Experimental Section Materials. All reagents were purchased from the following suppliers and used without further purification: sodium tetrachloroaurate(III) dihydrate, trisodium citrate, sodium phosphate monobasic, and sodium phosphate dibasic were purchased from Sigma-Aldrich. Bis(p-sulfonatophenyl)phenyl phosphine dehydrate dipotassium salt (BSPP) was purchased from StremChemicals, Inc. Milli-Q water was used in all experiments.

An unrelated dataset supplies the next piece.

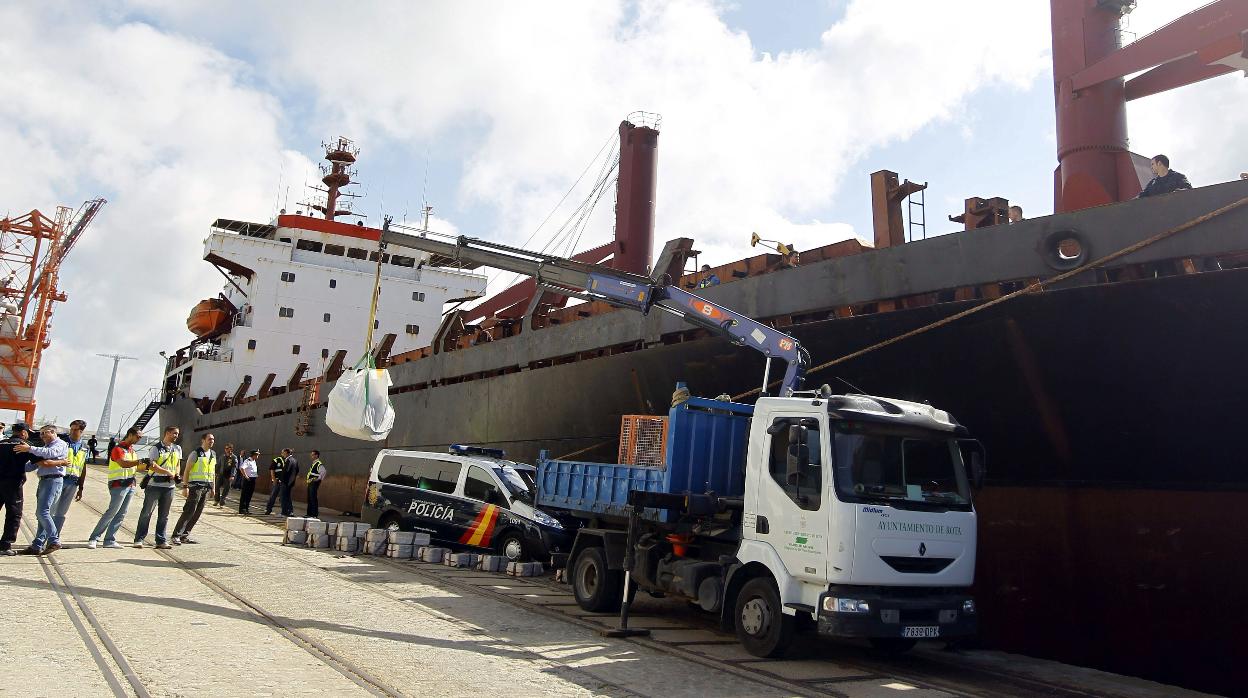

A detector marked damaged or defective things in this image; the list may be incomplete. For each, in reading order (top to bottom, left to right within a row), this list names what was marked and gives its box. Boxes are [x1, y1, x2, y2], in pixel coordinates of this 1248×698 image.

rusty ship hull [160, 179, 1248, 694] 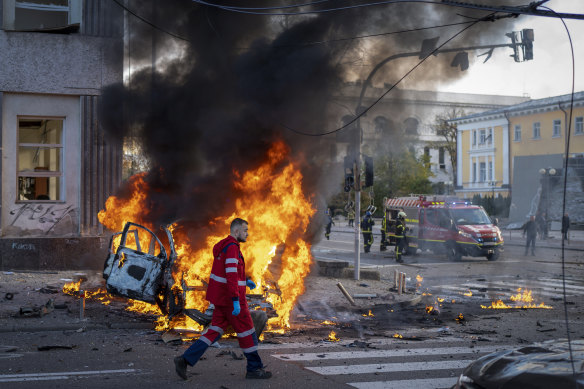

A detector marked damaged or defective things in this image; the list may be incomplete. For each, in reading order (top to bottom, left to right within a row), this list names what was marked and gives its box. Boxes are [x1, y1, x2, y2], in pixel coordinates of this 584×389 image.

The peptides were obtained from either Activotec (Cambridge) or GL Biochem (Shanghai) Ltd. Methods. ODN synthesis was carried out on an ABI Expedite 8909 synthesizer using the standard solid-supported phosphoramidite cycle (1.0 μmol scale). Phosphoramidite monomers of natural 20 -deoxynucleosides and reagents for oligonucleotide synthesis were purchased from Link Technologies Ltd. and SAFC Supply Solutions. ODNs were deprotected and cleaved from the solid support in conc. ammonium hydroxide at 35 °C for 15 h and then purified directly by Glen-Pak purification cartridge following the supplied procedure (Glen Research). TEM images were obtained with a Hitachi H7000 transmission electron microscope operating at a bias voltage of 75 kV. All samples were deposited on carbon film 400-mesh copper (50) grids purchased from Agar Scientific Ltd. UV- visible spectra of colloidal gold nanoparticles were collected using a Cary 300 Bio UV-vis spectrophotometer over the range of 400-800 nm.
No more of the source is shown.